───── SUPPLIED MATERIAL
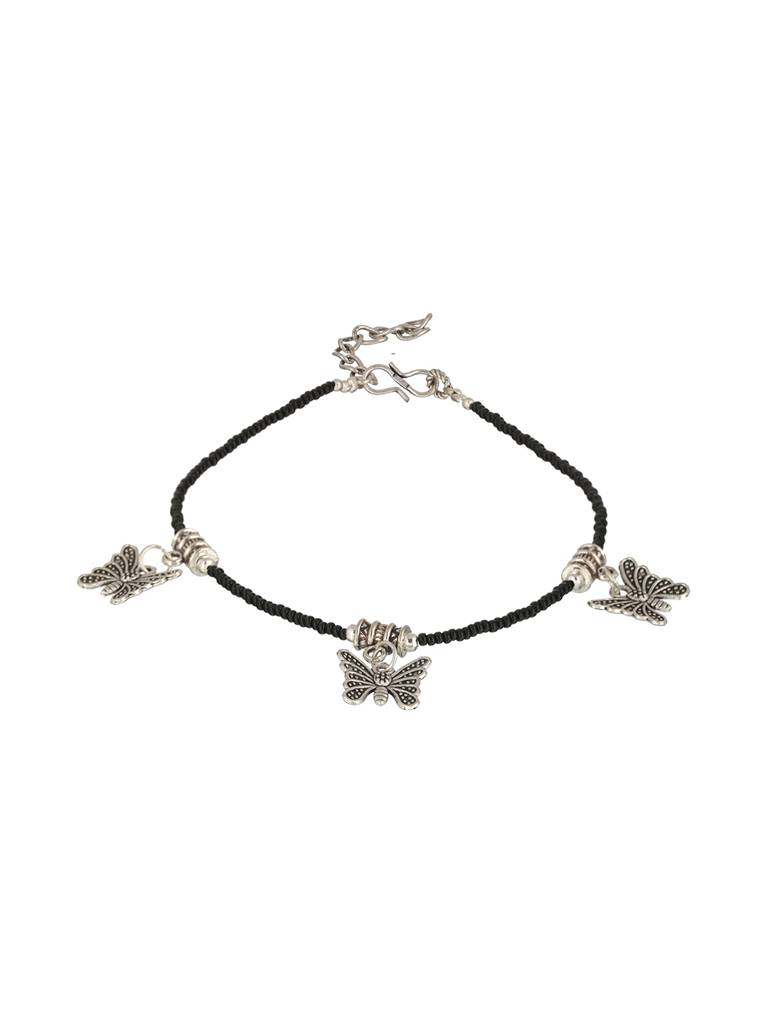 Set Of 3 Oxidised Silver Plated Payal Anklet : SJPL2013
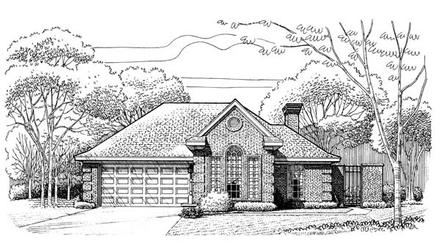 European One-Story Elevation of Plan 95615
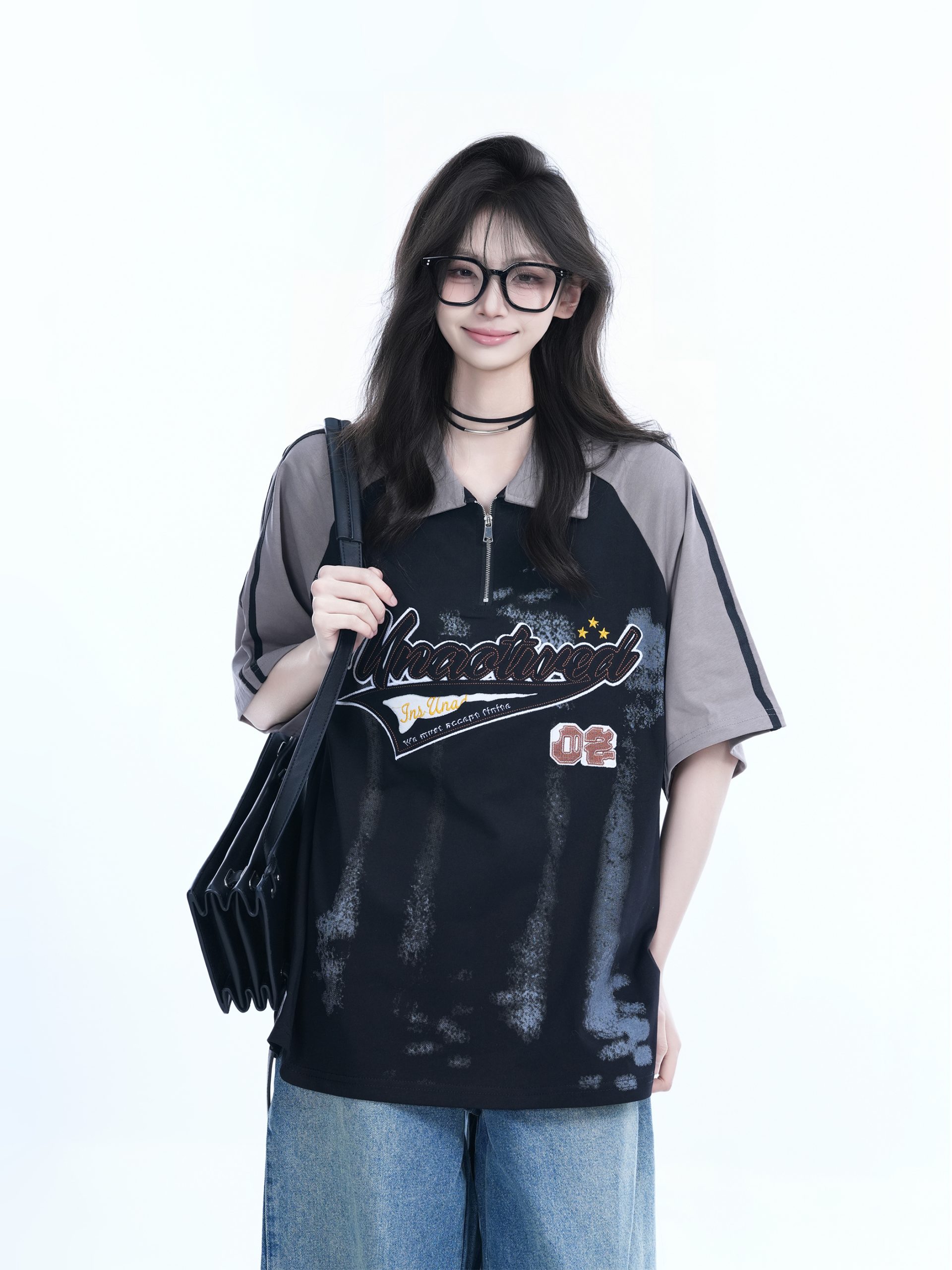 American Retro Embroidered Half-Zip Collar Short Sleeve T-Shirt for Women, Loose Fit, Trendy Vintage Style American Retro Embroidered Half-Zip Collar Short Sleeve T-Shirt for Women, Loose Fit, Trendy Vintage Style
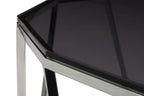 Consoletafel roestvrij staal en gerookt glas Aria, geometrisch onderstel, gepolijst – hal of woonkamer
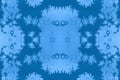 Fantastic pattern of repeated frosty patterns. Trendy toning in color 2020 Classic Blue. Collage, selective focus Royalty Free Stock Photo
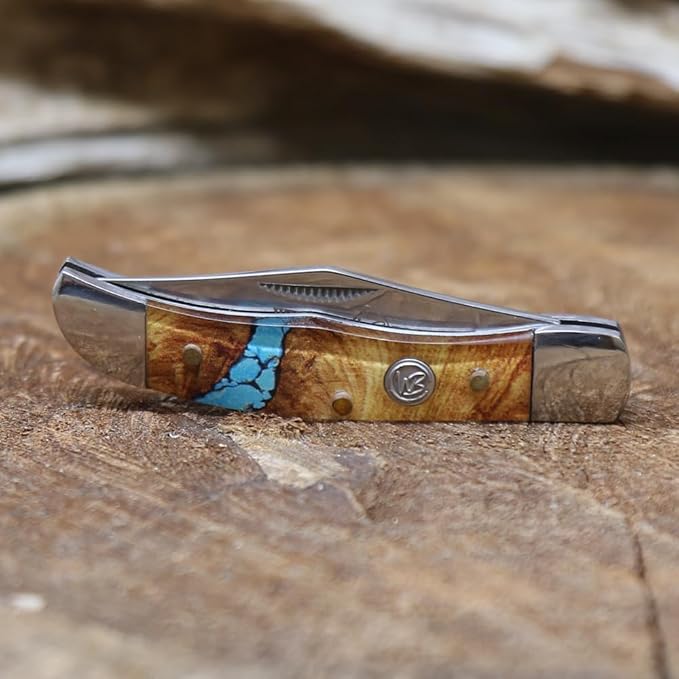 WHISKEY BENT HAT CO. Mini Hunter Folding Pocket Knife 2.75 Closed Length 440C Stainless Steel Blade (Turquoise River)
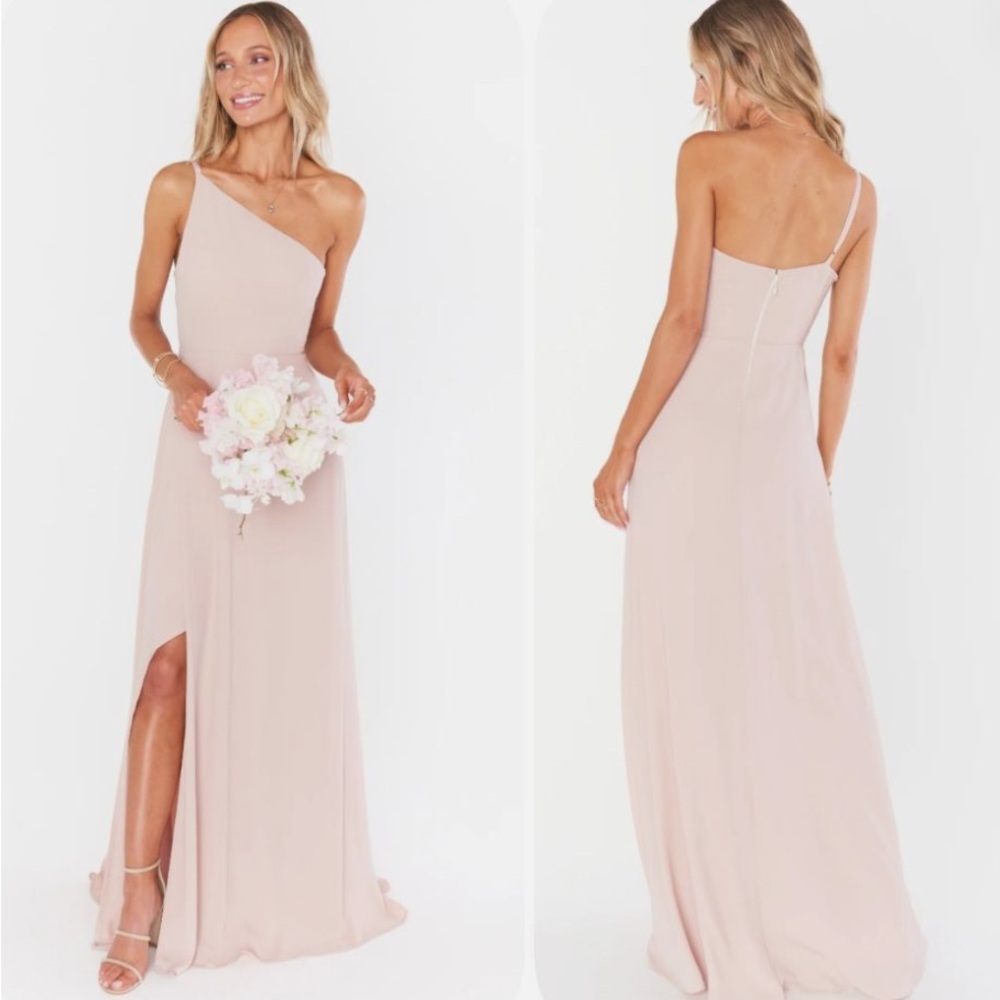 Show Me Your Mumu Shannon One Shoulder Dress In Dusty Blush Sz L
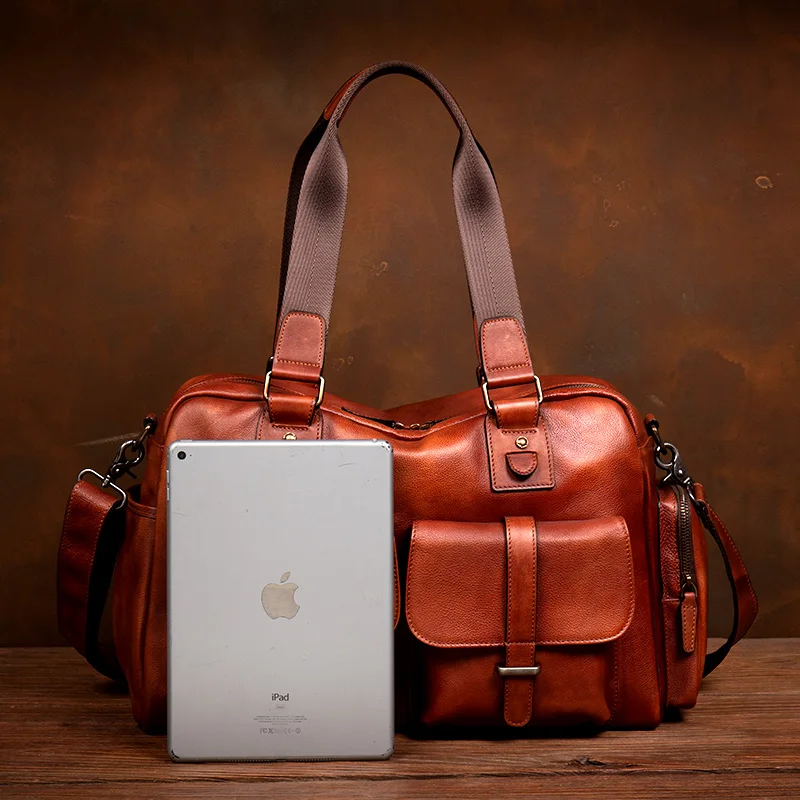 New Men's Travel Baotou Layered Leather Large Capacity Business Travel Bag Genuine Leather Handbag Shoulder Bag
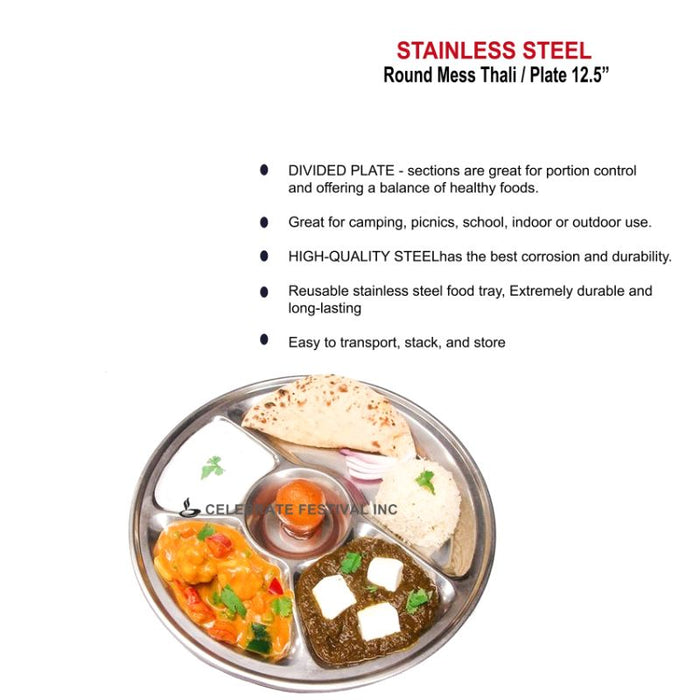 Stainless Steel Round Thali Mess Tray - 12.5"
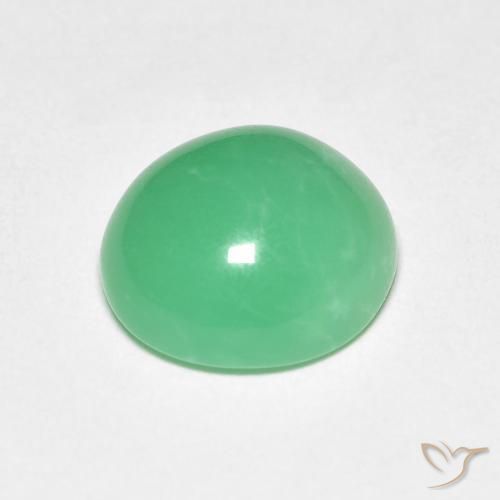 Crisoprasio naturale verde da 3,38 ct, taglio ovale, opaco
──────────
> [WORK INSTRUCTIONS] Find the line with "WHISKEY BENT HAT" in the entries above. Set down exactly every line from it up to and including the line with "Stainless Steel Round", images excluded.

> [SOLUTION TO THE PROBLEM]
 WHISKEY BENT HAT CO. Mini Hunter Folding Pocket Knife 2.75 Closed Length 440C Stainless Steel Blade (Turquoise River)
 Show Me Your Mumu Shannon One Shoulder Dress In Dusty Blush Sz L
 New Men's Travel Baotou Layered Leather Large Capacity Business Travel Bag Genuine Leather Handbag Shoulder Bag
 Stainless Steel Round Thali Mess Tray - 12.5"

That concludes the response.